Tal como já acontece em Espanha, França ou Irlanda, o Governo quer criar um registo de inibições e destituições de gestores e administradores de empresas, uma espécie de cadastro onde ficarão disponíveis as informações sobre esses gestores durante 20 anos. Trata-se de uma base de dados que poderá ser acedida por entidades de todos os Estados-membros da União Europeia, funciona em regime de reciprocidade geral e será gerida pelo Instituto de Registos e Notariado (IRN).
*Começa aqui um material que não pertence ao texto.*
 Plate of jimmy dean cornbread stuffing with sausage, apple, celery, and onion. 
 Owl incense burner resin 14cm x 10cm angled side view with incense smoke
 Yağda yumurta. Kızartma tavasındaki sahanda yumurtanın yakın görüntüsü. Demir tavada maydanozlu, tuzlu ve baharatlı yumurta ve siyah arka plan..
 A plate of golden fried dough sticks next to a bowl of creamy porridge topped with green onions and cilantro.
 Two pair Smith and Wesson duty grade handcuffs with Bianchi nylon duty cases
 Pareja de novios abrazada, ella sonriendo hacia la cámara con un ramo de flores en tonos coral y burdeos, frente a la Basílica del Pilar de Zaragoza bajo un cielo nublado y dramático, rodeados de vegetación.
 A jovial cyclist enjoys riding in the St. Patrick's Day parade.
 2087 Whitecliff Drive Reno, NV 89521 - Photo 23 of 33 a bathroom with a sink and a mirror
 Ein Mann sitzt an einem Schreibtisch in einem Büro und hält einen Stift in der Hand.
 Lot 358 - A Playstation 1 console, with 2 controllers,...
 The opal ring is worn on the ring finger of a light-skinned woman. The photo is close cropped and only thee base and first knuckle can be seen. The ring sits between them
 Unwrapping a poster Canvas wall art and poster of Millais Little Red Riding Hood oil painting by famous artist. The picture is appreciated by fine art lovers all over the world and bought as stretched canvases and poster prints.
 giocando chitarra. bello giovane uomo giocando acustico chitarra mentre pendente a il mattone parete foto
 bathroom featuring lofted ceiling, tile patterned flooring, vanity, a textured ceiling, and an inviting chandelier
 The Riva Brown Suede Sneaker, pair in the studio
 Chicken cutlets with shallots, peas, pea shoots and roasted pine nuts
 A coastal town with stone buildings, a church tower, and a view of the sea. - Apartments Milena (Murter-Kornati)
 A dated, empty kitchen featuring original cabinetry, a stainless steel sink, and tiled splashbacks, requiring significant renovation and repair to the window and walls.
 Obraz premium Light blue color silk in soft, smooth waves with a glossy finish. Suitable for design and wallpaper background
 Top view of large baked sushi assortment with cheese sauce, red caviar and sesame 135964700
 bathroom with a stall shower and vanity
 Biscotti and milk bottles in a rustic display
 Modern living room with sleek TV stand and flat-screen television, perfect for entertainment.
A medida transpõe, em parte, uma directiva europeia de 2019 e motivou críticas da CNPD – Comissão Nacional de Protecção de Dados, nomeadamente sobre o prazo de 20 anos pelo qual se guardam as informações. A base de dados incluirá informação relativa às inibições de pessoas singulares para o exercício do comércio, para a ocupação de determinados cargos e para a administração de patrimónios alheios, bem como às destituições judiciais de titulares de órgãos sociais transitadas em julgado.

"A directiva prevê mecanismos de intercâmbio de informação sobre se uma determinada pessoa está inibida do exercício do cargo de administrador de uma sociedade, bem como de outra informação relevante, e permite que os Estados-membros recusem a nomeação de uma pessoa como administradora de uma sociedade se ela estiver sujeita a uma inibição do exercício de cargos de direcção noutro Estado-membro", justifica o Governo na proposta de lei que é discutida nesta sexta-feira no Parlamento. O objectivo é "prevenir comportamentos fraudulentos ou abusivos".

O Instituto dos Registos e Notariado (IRN) português terá de recusar o registo de um cidadão como administrador de uma empresa se este estiver sujeito à inibição do exercício do cargo noutro Estado-membro e vice-versa.

Além dos dados de identificação pessoal, a base de dados de inibições e destituições (BDID) incluirá o tipo de inibição, o seu conteúdo, o período, a identificação do processo que deu origem à inibição ou destituição, e o tribunal ou a entidade administrativa que as decretou. Terão acesso à base de dados os conservadores e oficiais de registos, os magistrados judiciais e do Ministério Público, e os órgãos de polícia criminal – além do titular dessa informação.

Tal só é possível por haver um sistema de interconexão dos registos centrais, comerciais e das sociedades. E isso significa que este sistema de interconexão passará a ter de incluir mais informação actualizada sobre as empresas – o seu estado (encerrada, em liquidação ou dissolução), quem são os seus representantes legais, se têm representação aberta noutro Estado-membro (e onde). Mas como os tribunais ainda não comunicam por via electrónica e de forma automática com o IRN, terão de ser os conservadores de registos a fazê-lo manualmente depois de receberem a informação dos tribunais.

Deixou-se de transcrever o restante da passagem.